Slightly over a year back, Indian stock markets rallied after reports that Chidambaram was being appointed as the Finance Minister, replacing Pranab Mukherjee. A suave personality with terrific credentials and a reformist went down extremely well with the investing fraternity. A year later we have GDP that has fallen to a 4-year low, rupee that has dived to historic lows, elevated CPI inflation and threats of rating downgrades. Here are 5 reasons why markets should not be hysterical about Rajan's appointment as the new RBI governor and face facts.
Expect a tapering off in the Fed'a Asset Purchase Programme
Globally, emerging market currencies have tumbled whenever there has been a suggestion or talk of the US Federal Reserve tapering its asset purchase programme.
Such an action would mean less liquidity around the globe which has already sent currencies of India, Indonesia, South Africa into a tailspin. Any decision of Fed tapering scheduled for Sept 19, could send markets crashing again. Seen in the pic is Ben Bernanke, Fed Chairman.
Inflation, GDP, rupee, CAD headed in the wong direction
Economic fundamentals continue to be poor. The recent services sector PMI has fallen to a four year low, while CPI inflation remains elevated. Growth has already come in at a four year low.
Syrian action not good for markets
It now looks like strikes on Syria are almost certain. A prolonged strike in Syria would keep crude oil prices elevated, which would once again bloat the deficit. Not good news for the stock markets, especially when there is a threat of ratings downgrade.

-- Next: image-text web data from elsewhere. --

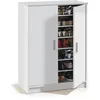 Image de Meuble à chaussures armoire BASIC - 2 portes + 6 étagères - Mélaminé blanc - 30 paires - L75 x P36 x H101 cm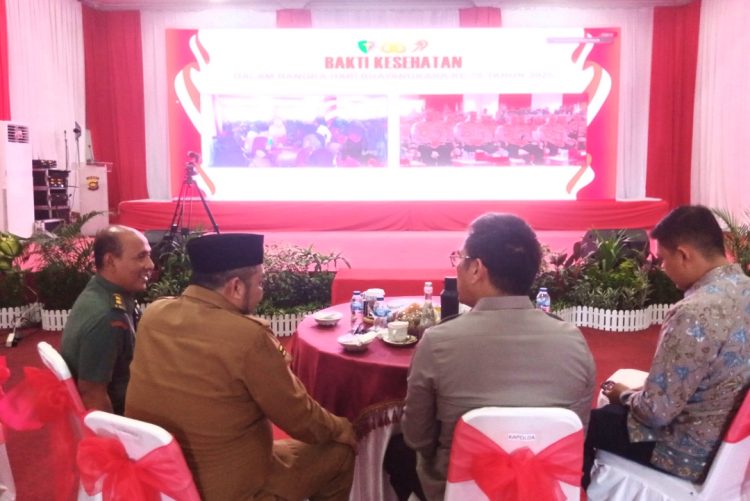 Kapolda Jambi ikuti secara virtual bakti kesehatan Bhayangkara ke-79 yang dipimpin Kapolri. (Foto : Rolan - sinarjambi.com)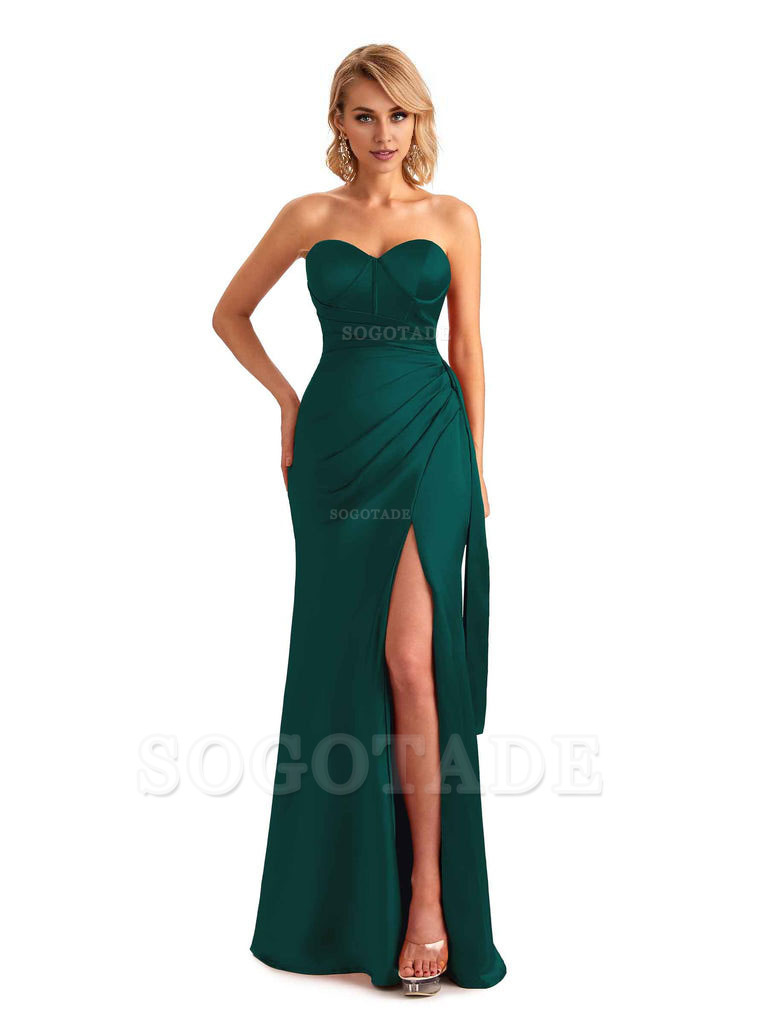 Sexy Side Slit Strapless Mermaid Soft Satin Unique Long Bridesmaid Dress For Wedding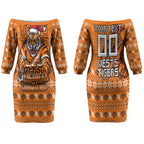 Personalized Wests Tigers Christmas Couples Matching Off The Shoulder Long Sleeve Dress and Hawaiian Shirt Australian Rugby Fans - Pixelated Ugly Xmas Pattern Mascot Santa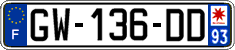 French license plate, SIV (ordinary)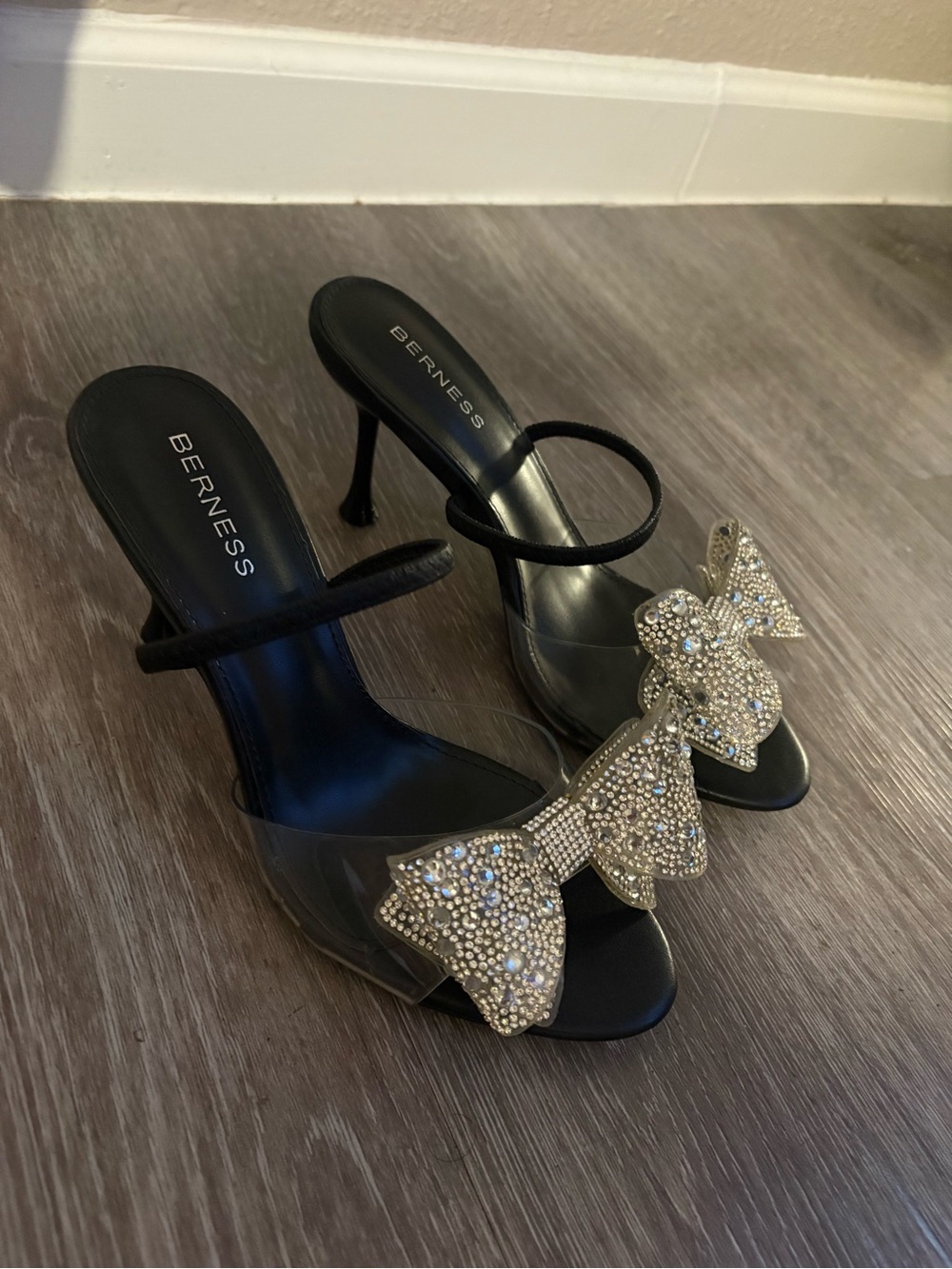 Barness Crystal Bow Black Heeled Sandals by Berness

External factors worrisome
Rising crude prices means dollar outflows and further pressure on the currency. A Fed action on tapering means the situation is likely to get out of control.
Bond yields at near 3 per cent
Bond yields in the US are nearing the three per cent mark. This is certainly not good news for Indian markets as rising yields can lead to a sell-off in emerging markets like India.